I "think" that a Loaded Operator is what I am looking for and that adding TRP to the mix just adds candy that might actually be detrimental as an HD weapon. The only Loaded Operator that I can find is the OD/Black version. Although it is an attractive gun, and would look great in anyone's collection, I think it would grow old on me as a carry weapon. Is there another finish available for that model? Do I want a different model? Do bull barrels really add anything to a 5" barrel? I doubt that I would shoot enough to get a barrel that hot?


----------



## HAGEN (Jul 14, 2010)

*Springfield 1911s*

I have a IDPA Shooting Buddy that loves Springfield 1911 Guns.
He has one of each Model including a 9MM uses all has MAtch Guns including the Short 45.
The only issue he as had is with the 9MM , and has most 9MM 1911s they love Extractors in the middle of a Match. (My Kimber has the same Issue)
If you go that route install a Aftec Extractor and the 9 will be fine.

Good Shooting


----------



## VAMarine (Dec 25, 2008)

ScottChapin said:


> I'm seriously narrowing my field of possible acquisition down to the Springfield, but the model naming is confusing. It looks like GI, Loaded, Operator, and TRP are all models onto themselves, yet you can get a Loaded TRP Operator.
> 
> I "think" that a Loaded Operator is what I am looking for and that adding TRP to the mix just adds candy that might actually be detrimental as an HD weapon. The only Loaded Operator that I can find is the OD/Black version. Although it is an attractive gun, and would look great in anyone's collection, I think it would grow old on me as a carry weapon. Is there another finish available for that model? Do I want a different model? Do bull barrels really add anything to a 5" barrel? I doubt that I would shoot enough to get a barrel that hot?


Springfield railed 1911s:

TRP Light Rail
Loaded MC Operator
Lightweight Operator
Light Weight Champion Operator
Micro Compact Operator

Those are your options.

The loaded MC operator only comes in black/green as a standard option, you can get anything you want from Springfield provided you special order it.

Regarding the 5" barrel, if you have to ask, you don't need it. It can reduce a little bit of muzzle climb, but so will hanging a light off the front of the gun.

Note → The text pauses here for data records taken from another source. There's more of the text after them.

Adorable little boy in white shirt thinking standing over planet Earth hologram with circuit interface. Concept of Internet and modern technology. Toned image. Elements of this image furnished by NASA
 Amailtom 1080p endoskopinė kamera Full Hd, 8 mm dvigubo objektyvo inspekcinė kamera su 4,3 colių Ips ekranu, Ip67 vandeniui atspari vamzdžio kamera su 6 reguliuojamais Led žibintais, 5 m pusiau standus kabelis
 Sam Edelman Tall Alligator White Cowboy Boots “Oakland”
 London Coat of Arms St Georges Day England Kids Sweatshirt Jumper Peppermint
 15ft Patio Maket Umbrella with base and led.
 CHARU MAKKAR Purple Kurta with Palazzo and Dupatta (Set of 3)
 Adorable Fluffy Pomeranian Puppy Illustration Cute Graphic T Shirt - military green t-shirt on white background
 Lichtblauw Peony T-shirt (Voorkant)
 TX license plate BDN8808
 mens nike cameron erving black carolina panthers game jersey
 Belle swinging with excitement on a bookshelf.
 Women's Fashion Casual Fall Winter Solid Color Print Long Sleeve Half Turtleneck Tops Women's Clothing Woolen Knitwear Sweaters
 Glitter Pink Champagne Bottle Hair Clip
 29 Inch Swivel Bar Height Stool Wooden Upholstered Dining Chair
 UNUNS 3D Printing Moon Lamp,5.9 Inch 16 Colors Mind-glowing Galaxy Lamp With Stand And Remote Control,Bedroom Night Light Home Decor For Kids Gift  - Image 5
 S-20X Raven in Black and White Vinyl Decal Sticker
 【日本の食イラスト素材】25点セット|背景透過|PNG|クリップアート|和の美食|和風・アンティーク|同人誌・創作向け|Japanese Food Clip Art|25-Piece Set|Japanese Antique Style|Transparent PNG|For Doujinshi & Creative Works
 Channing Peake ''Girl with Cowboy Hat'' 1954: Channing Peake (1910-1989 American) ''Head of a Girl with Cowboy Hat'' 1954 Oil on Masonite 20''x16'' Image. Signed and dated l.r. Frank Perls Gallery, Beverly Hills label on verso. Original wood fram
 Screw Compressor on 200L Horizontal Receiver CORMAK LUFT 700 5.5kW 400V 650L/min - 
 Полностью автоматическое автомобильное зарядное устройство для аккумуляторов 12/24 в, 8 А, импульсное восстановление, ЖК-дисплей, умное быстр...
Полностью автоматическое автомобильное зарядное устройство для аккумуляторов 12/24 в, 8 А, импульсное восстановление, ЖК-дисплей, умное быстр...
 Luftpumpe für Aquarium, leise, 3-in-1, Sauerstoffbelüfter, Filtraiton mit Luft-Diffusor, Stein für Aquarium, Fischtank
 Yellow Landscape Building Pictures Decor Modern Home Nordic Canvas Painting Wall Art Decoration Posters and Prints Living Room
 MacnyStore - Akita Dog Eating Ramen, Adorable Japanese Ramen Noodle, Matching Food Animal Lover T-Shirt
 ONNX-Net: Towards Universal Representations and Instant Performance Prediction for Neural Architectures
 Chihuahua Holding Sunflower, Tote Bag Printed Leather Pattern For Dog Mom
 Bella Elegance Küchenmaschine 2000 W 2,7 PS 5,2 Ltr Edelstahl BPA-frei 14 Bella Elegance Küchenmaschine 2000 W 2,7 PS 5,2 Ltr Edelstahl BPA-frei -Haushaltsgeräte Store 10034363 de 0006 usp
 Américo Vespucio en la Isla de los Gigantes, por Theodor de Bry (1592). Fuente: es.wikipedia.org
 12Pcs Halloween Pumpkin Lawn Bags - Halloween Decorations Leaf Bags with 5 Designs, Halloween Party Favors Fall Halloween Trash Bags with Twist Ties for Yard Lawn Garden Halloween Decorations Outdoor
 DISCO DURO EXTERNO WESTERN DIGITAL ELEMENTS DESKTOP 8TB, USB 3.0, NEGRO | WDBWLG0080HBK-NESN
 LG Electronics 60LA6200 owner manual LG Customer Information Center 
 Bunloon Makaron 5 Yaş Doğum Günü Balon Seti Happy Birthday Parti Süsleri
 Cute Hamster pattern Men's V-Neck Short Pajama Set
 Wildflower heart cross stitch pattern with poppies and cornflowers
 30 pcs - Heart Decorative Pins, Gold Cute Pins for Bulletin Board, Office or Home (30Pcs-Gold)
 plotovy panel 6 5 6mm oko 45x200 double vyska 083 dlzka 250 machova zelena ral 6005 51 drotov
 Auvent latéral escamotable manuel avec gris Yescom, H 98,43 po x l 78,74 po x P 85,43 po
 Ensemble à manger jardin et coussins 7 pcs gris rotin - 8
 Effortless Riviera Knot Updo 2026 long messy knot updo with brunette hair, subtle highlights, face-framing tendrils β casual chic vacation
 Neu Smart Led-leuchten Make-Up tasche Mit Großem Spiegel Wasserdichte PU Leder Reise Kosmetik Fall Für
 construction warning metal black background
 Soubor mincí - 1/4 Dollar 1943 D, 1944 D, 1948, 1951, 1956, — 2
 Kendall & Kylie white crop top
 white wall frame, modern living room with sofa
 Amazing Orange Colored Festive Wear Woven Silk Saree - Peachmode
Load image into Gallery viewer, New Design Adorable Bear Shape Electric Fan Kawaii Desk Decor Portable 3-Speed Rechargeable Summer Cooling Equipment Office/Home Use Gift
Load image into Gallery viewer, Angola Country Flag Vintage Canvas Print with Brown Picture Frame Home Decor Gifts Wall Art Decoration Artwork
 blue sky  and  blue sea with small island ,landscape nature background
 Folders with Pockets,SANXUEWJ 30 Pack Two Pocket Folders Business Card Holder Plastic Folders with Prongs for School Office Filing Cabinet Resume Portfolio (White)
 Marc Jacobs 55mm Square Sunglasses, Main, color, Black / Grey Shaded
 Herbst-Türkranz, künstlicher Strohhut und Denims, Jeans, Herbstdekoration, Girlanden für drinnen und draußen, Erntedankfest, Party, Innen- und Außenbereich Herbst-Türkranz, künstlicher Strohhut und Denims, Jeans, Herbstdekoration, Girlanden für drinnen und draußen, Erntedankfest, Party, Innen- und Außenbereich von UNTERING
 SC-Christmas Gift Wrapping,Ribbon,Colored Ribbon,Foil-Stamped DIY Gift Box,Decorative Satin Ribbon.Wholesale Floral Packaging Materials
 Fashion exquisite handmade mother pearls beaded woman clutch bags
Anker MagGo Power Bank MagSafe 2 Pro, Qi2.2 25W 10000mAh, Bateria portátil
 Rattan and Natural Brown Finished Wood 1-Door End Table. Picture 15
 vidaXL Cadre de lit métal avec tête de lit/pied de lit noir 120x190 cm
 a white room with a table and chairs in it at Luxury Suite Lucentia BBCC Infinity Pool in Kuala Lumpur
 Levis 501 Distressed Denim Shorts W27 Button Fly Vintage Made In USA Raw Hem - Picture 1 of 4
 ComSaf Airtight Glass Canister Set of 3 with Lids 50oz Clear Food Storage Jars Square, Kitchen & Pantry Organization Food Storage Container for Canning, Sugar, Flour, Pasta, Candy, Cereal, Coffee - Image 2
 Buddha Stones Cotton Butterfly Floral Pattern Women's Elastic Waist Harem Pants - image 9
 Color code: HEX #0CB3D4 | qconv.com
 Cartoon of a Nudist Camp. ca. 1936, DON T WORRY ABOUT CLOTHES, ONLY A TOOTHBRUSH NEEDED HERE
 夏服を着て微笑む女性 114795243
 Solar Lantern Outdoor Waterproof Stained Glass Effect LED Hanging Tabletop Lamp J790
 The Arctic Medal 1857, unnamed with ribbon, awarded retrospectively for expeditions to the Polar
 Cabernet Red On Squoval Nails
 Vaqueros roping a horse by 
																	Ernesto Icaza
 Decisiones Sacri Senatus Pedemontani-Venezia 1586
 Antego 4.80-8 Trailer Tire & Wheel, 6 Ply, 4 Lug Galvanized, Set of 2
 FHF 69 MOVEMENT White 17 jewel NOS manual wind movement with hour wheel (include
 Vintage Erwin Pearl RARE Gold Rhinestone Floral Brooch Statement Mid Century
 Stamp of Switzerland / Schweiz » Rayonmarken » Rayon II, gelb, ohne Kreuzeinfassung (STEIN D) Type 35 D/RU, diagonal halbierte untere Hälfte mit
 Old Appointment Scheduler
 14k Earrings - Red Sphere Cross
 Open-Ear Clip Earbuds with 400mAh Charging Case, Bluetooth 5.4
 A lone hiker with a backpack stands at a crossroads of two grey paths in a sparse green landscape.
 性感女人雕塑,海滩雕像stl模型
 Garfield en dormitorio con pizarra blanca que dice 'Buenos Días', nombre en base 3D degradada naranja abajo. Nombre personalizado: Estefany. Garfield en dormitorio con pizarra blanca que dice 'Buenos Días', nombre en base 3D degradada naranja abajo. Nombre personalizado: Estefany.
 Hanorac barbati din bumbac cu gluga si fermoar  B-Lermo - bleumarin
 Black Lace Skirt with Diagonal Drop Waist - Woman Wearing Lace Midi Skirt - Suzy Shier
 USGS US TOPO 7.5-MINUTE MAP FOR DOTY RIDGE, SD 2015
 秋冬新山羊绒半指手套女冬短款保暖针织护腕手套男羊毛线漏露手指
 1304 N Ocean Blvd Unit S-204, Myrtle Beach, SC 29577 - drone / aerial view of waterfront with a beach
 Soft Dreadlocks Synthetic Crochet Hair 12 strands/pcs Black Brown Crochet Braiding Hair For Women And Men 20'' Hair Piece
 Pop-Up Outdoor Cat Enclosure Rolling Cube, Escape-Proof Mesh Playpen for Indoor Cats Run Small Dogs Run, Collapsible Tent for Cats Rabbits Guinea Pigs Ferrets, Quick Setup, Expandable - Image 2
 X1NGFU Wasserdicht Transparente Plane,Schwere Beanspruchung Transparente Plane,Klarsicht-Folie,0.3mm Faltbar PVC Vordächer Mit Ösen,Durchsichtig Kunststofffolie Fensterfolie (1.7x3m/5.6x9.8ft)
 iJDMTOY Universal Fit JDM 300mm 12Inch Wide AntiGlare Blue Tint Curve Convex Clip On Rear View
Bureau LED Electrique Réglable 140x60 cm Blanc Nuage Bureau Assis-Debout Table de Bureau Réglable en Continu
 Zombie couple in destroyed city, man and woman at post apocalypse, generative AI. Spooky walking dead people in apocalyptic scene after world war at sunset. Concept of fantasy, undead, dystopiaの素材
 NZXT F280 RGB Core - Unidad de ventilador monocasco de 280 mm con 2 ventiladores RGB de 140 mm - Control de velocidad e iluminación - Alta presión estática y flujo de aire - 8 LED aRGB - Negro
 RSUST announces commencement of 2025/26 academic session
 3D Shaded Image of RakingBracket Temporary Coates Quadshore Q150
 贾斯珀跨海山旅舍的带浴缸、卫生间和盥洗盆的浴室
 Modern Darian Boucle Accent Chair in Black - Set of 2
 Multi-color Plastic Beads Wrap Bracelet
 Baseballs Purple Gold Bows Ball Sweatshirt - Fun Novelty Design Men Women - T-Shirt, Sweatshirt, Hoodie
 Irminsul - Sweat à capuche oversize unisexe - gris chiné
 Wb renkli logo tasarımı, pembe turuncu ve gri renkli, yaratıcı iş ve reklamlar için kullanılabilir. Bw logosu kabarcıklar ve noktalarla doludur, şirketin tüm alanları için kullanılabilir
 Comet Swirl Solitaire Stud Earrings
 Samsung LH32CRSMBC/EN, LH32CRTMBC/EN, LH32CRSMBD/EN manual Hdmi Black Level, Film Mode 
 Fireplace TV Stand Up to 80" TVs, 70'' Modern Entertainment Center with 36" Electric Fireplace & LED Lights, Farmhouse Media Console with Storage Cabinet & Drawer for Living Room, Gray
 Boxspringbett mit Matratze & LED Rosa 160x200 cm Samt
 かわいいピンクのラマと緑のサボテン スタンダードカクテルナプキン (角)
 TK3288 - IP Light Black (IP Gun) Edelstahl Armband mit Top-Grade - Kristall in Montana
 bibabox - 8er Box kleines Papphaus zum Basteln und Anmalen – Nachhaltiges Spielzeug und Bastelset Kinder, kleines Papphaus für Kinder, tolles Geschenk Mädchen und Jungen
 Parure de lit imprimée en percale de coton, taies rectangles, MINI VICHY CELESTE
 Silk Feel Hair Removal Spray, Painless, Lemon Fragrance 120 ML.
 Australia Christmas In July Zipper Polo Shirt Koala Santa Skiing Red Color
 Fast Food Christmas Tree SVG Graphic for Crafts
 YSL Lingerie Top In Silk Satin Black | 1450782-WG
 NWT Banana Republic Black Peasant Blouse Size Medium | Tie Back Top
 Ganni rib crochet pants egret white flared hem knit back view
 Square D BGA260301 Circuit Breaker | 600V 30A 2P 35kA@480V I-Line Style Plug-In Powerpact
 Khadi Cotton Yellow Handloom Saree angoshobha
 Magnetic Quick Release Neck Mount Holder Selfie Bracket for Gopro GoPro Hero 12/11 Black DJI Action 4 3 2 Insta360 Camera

For those reading this thread that are interested, be advised that in IDPA you can't have a 5" bull barrel.

If you don't want the black/green, go with the Lightweight Operator, it has all the same features as a regular Loaded from Springfield. The MC Operator is the "low cost" replica of what they made for the USMC.

The TRP Light Rail is a fine gun, but if you don't plan on shooting it a lot, I think it's overkill for your intended usage.


----------



## ScottChapin (Jul 7, 2010)

VAMarine said:


> Springfield railed 1911s:
> 
> TRP Light Rail
> Loaded MC Operator
> ...


Maybe, maybe not. I know what they are for, except that I did not consider recoil. I was wondering really how much you would have to shoot one, before you would realize the benefit.



> It can reduce a little bit of muzzle climb, but so will hanging a light off the front of the gun. For those reading this thread that are interested, be advised that in IDPA you can't have a 5" bull barrel.
> 
> If you don't want the black/green, go with the Lightweight Operator, it has all the same features as a regular Loaded from Springfield. The MC Operator is the "low cost" replica of what they made for the USMC.


OK, I saw lightweight versus full size in the description and missed that the lightweight was a 5" barrel. I was thinking it was a Commander class or such. The recoil mechanisms do differ though, aside from the steel vs aluminum.



> The TRP Light Rail is a fine gun, but if you don't plan on shooting it a lot, I think it's overkill for your intended usage.


That's what I'm thinking.

Thank you!


----------